Leroy is 6.5 ft tall and standing on a bridge. He looks down with an angle of depression of 31 degrees towards a boat traveling east. He then turns around and looks down with an angle of depression of 24 degrees towards a boat traveling west. If the boats are 432 ft apart, how far away from Leroy is the second boat? How do I set up this problem and explain please? Thank you!
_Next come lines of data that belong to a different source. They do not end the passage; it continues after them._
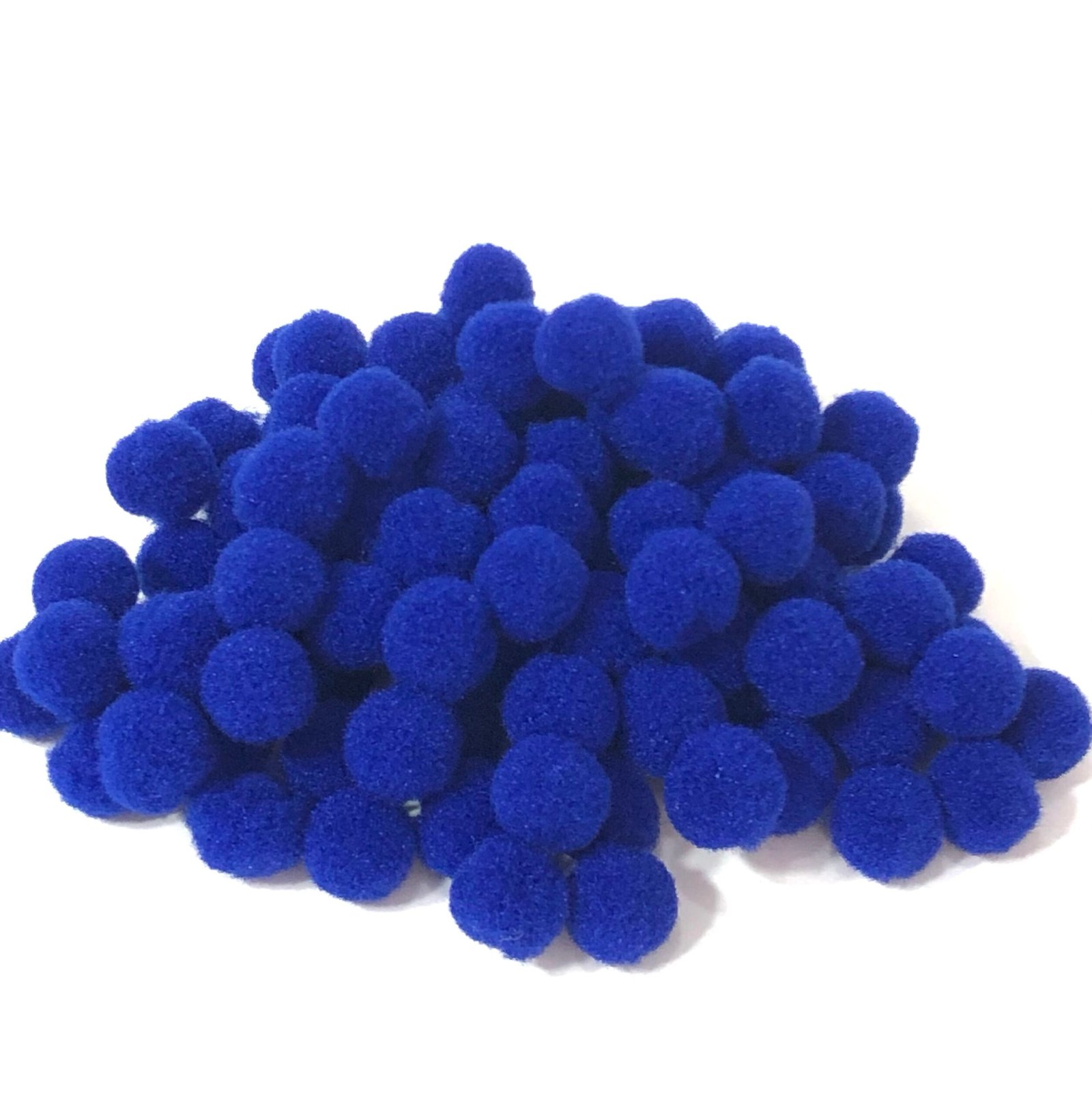 Pompom Bolinha Azul Royal  -10mm
Aprx 100unid
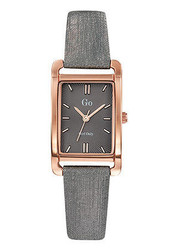 Montre Femme Rectangulaire bracelet cuir GO 699120 - Bijouterie Horlogerie Lechine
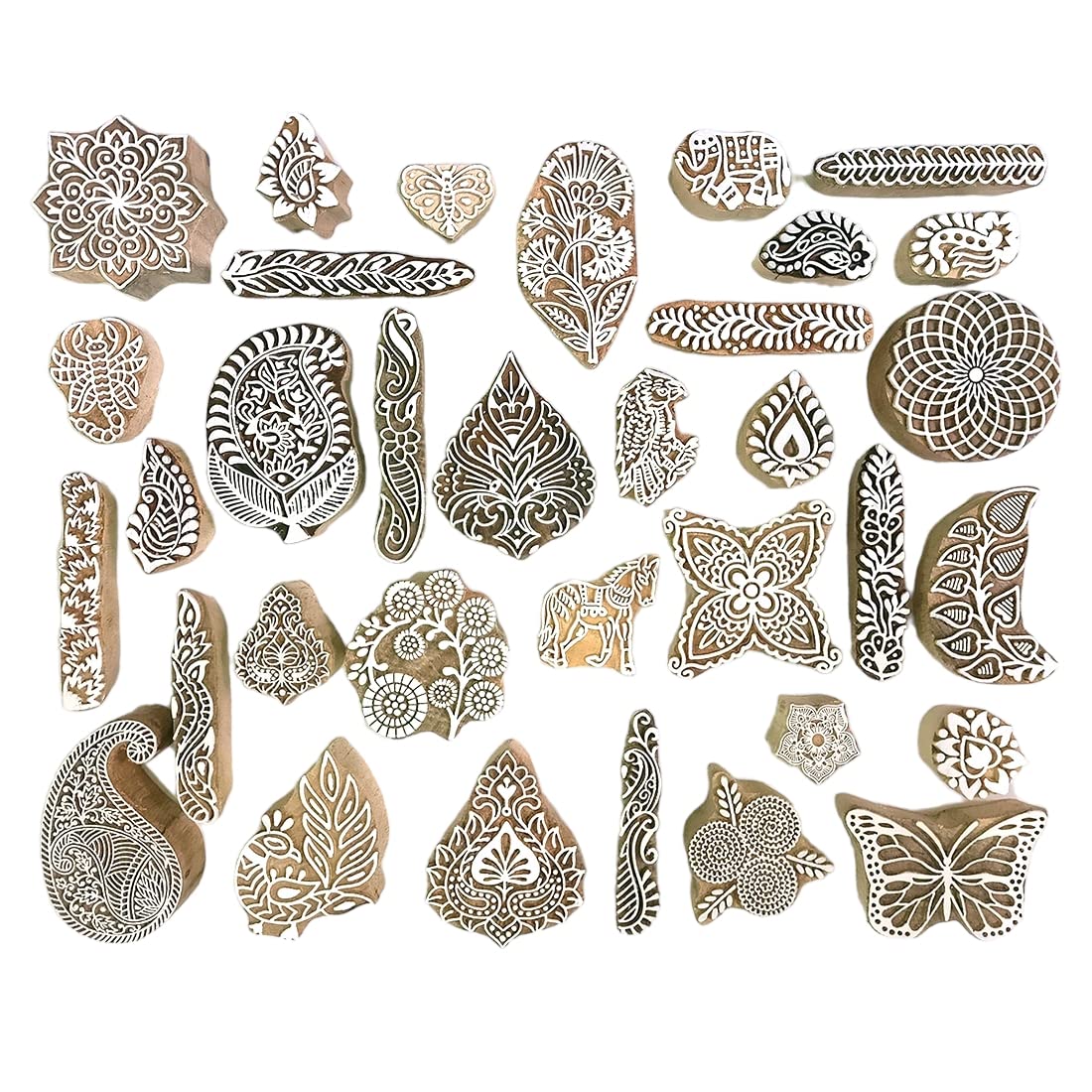 Kraftwala Wooden Art Craft Deep Carved Mix Scrapbooking Printing Blocks (Pack of 10) (B0CQFJVT9W) Amazon Price History, Amazon Price Tracker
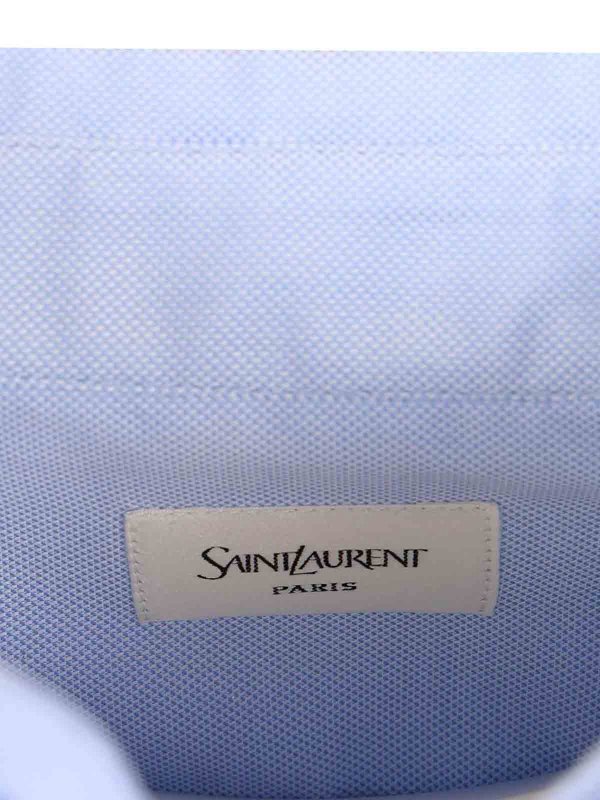 The Best Shops SAINT LAURENT: Oxford Cotton Shirt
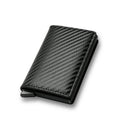 Rfid Carbon Fiber Men'S Wallet Card Bag Men'S Wallet Short Foreign Trade Multi Functional Wallet Wallet Wallet Men'S Wallet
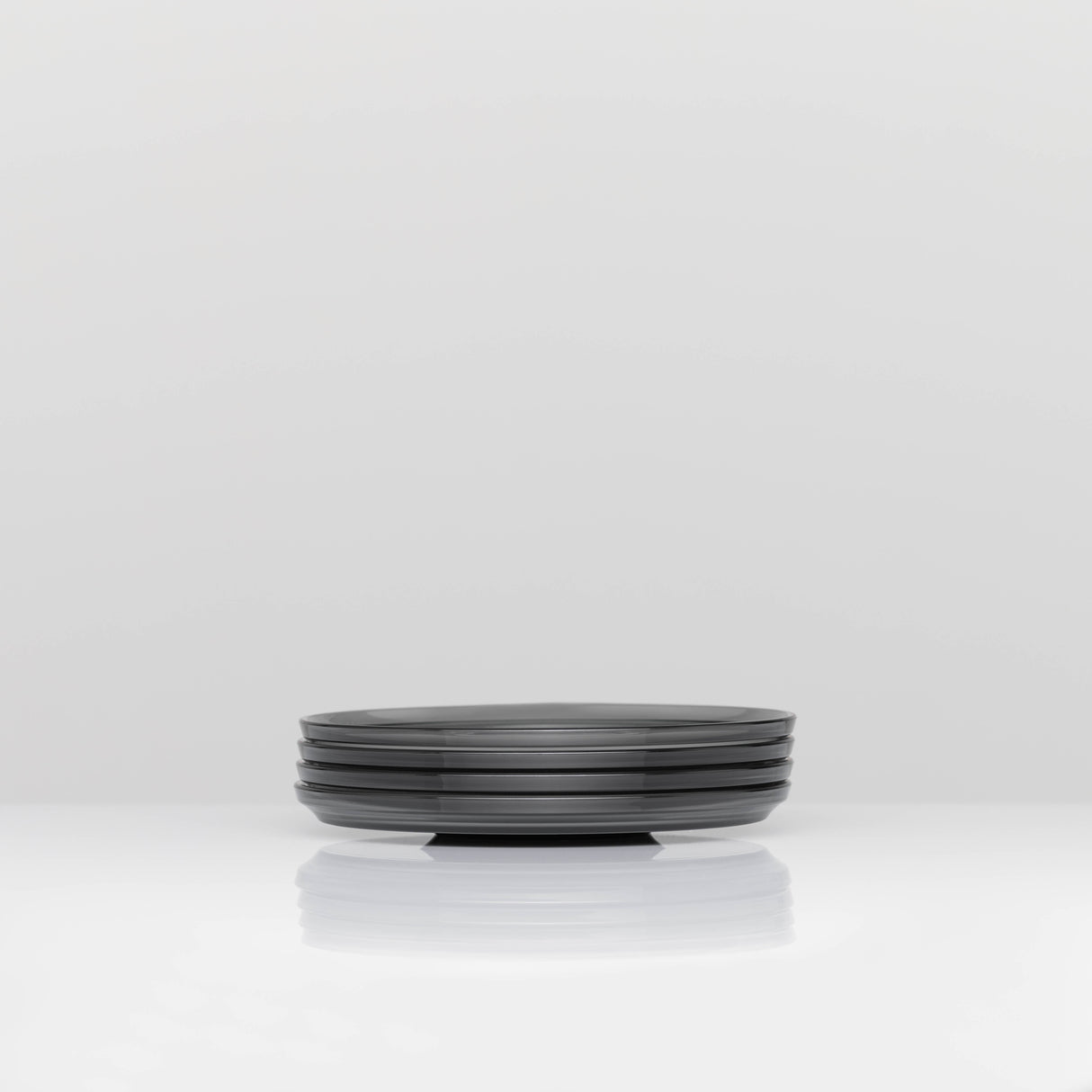 HuskeeRenew Classic Saucers 4 Pack - Smoke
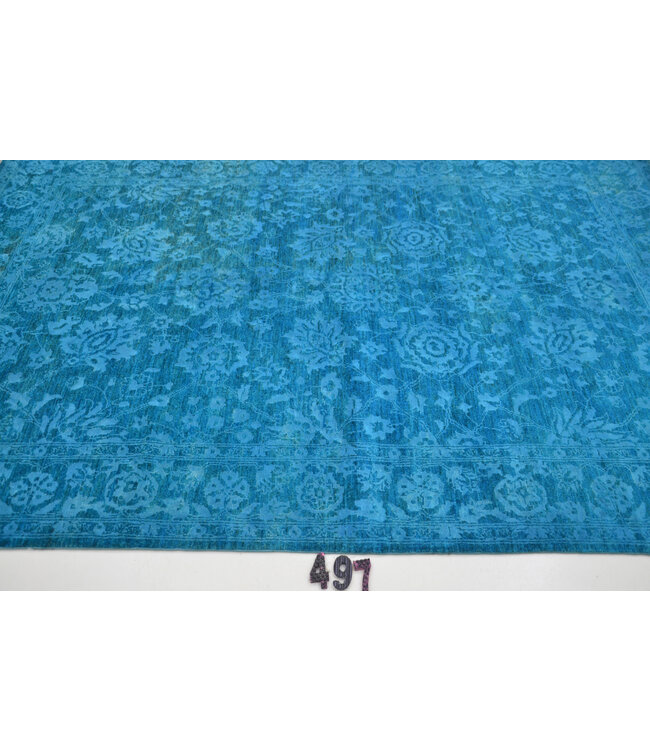 Vintage Ziegler Rug - Blue, 244 x 164 cm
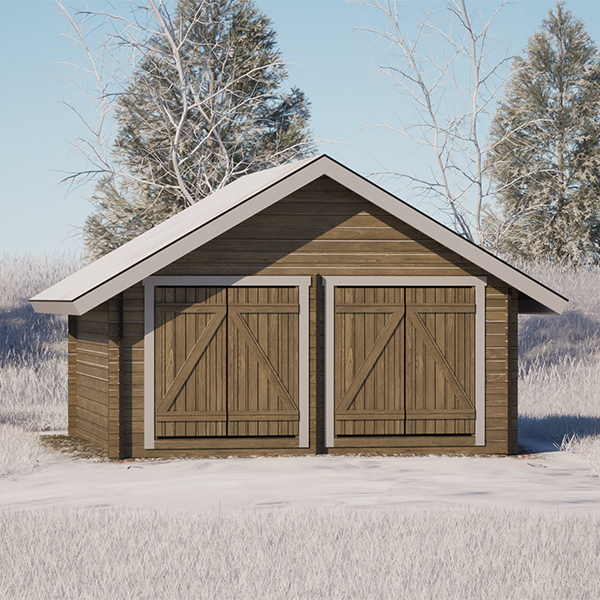 LP Garden S-L (16,4 m²) Suoraseinäinen pihavarasto kuva 6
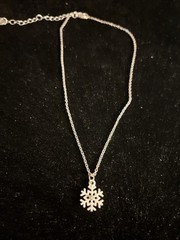 Claire’s Snowflake Pendant 12-15” Necklace Adjustable Chain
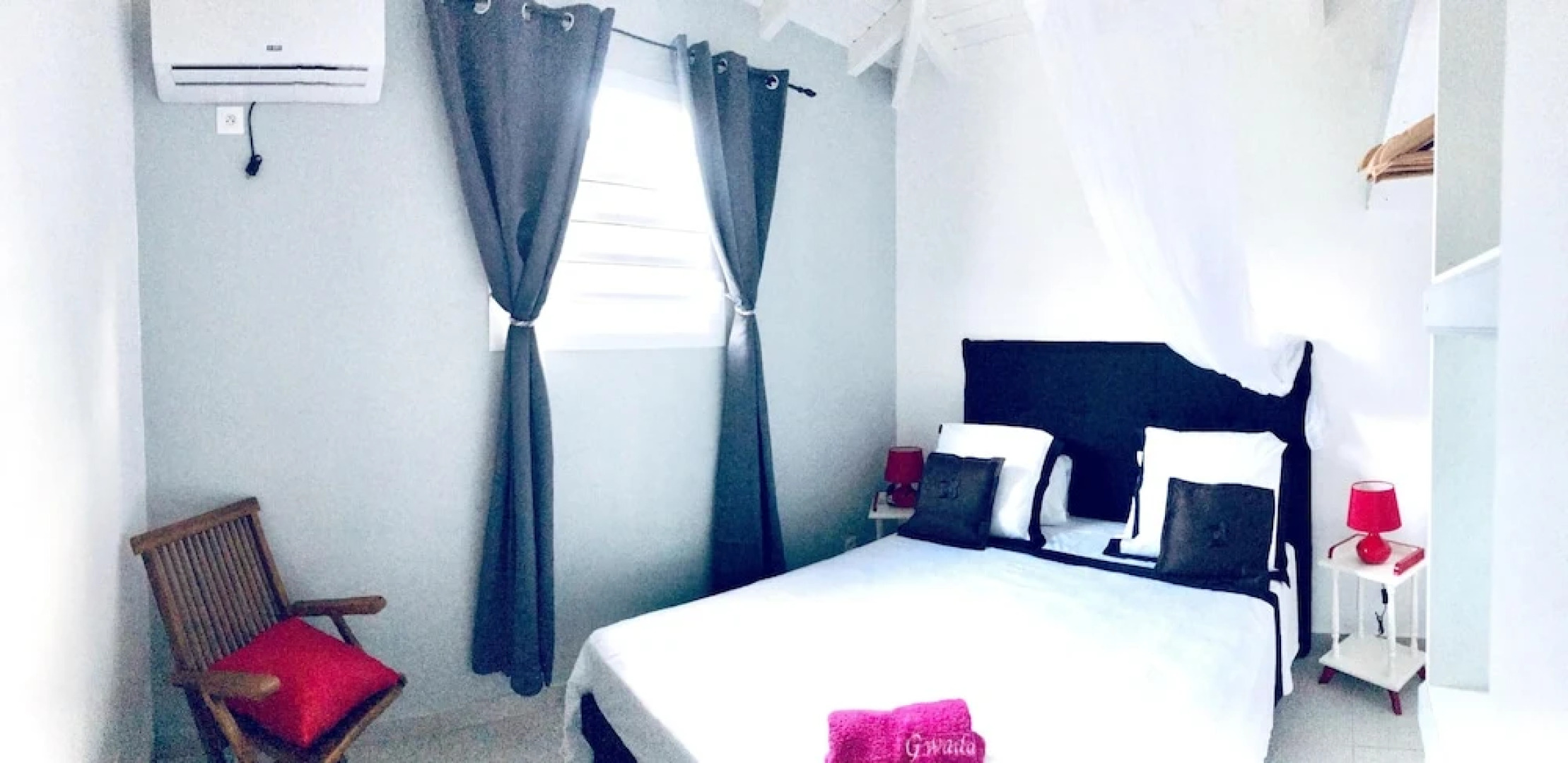 House With 2 Bedrooms in Petit-canal, With Wonderful sea View, Enclosed Garden and Wifi - 8 km From the Beach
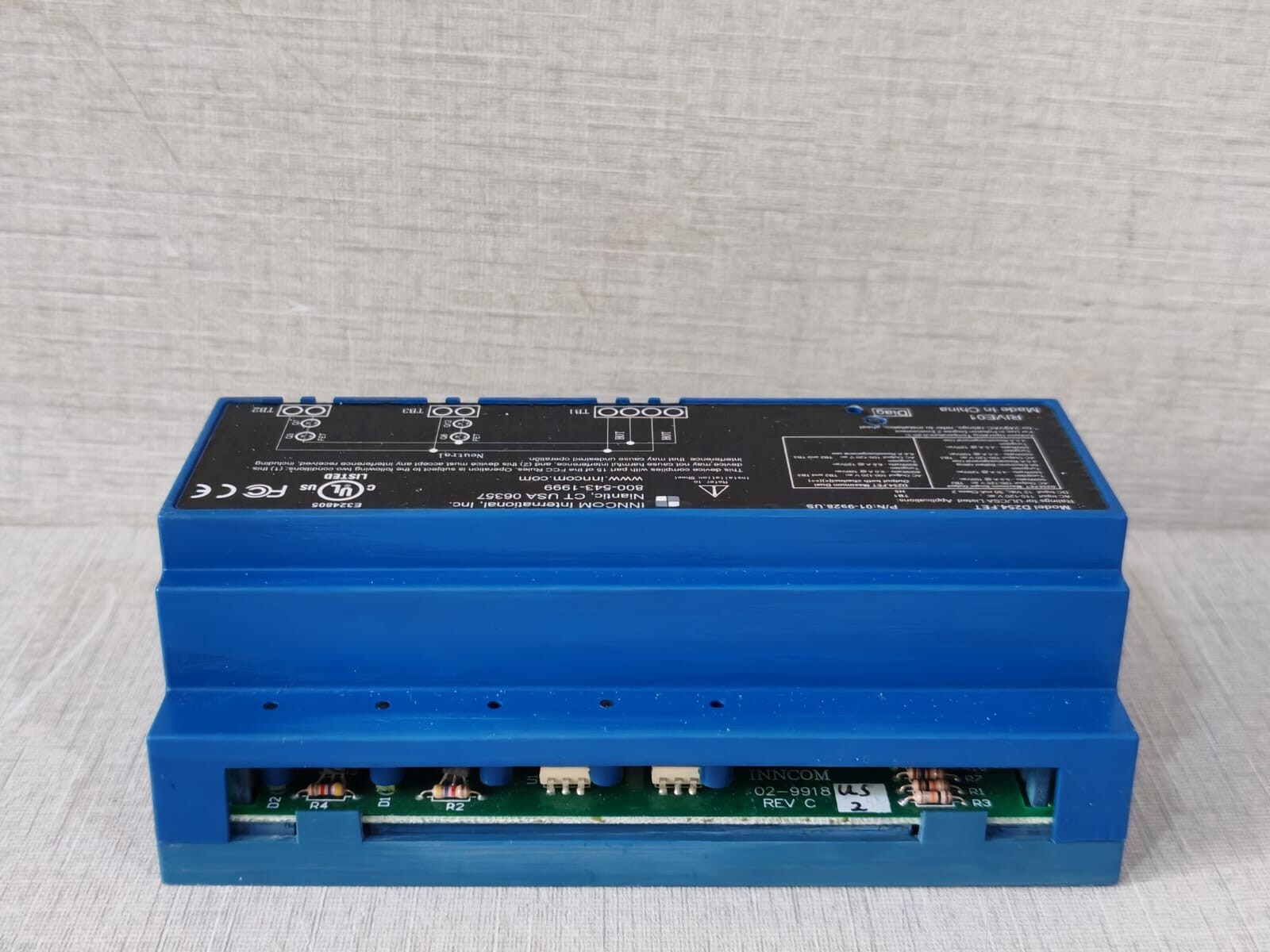 Honeywell 01-9928.US WITH 02-9922 HONEYWELL D254.FET RAIL LAMP DIMMER 01-9928.US WITH 02-9922 REV C BOARD 7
If Leroy's eyes are h feet above the water, then we can make the diagram as follows:
T is the top of Leroy's head, x feet above B, directly below him on the water.
E is the boat eastward
W is the boat westward.
Now we have
x/BW = tan 24°
x/BE = tan 31°
eliminating x, we have
BW tan 24° = BE tan 31°
But, BW+BE = 432, so
BW tan 24° = (432-BW)tan 31°
BW = 432tan31°/(tan24°+tan31°) = 248.14
The distance wanted is TW, given by
BW/TW = cos 24°
TW = BW/cos24° = 248.14/0.9135 = 271.62
To solve this problem, we can set up two right triangles. Let's start by setting up the first triangle when Leroy looks towards the boat traveling east.
In this triangle:
- Leroy's height is the opposite side.
- The distance from Leroy to the boat is the adjacent side.
- The angle between Leroy's line of sight and the horizontal line is the angle of depression.
We can use the tangent function to relate the angle of depression and the sides of the triangle. The tangent function is defined as the ratio of the opposite side to the adjacent side:
tan(angle) = opposite / adjacent
Applying this to the first triangle:
tan(31 degrees) = Leroy's height / distance to the boat (let's call this distance a)
Now, let's set up the second triangle when Leroy looks towards the boat traveling west:
In this triangle:
- Leroy's height is the opposite side.
- The distance from Leroy to the second boat is the adjacent side.
- The angle between Leroy's line of sight and the horizontal line is the angle of depression.
Similarly, applying the tangent function to the second triangle:
tan(24 degrees) = Leroy's height / distance to the second boat (let's call this distance b)
From the problem, we know that the distance between the two boats is 432 ft. We can use this information to set up an equation:
distance to the boat + distance to the second boat = 432
Using the variables we defined earlier:
a + b = 432
Now we have two unknowns (a and b) and two equations that relate them. We can solve these equations simultaneously to find the values of a and b.
Let's summarize the setup:
1. Set up the first triangle using the tangent function with the angle of depression of 31 degrees.
2. Set up the second triangle using the tangent function with the angle of depression of 24 degrees.
3. Set up the equation using the distance between the two boats, where a and b represent the distances to each boat.
4. Solve the equations simultaneously to find the values of a and b.
5. Once you have the values of a and b, you can determine how far away from Leroy the second boat is (distance b).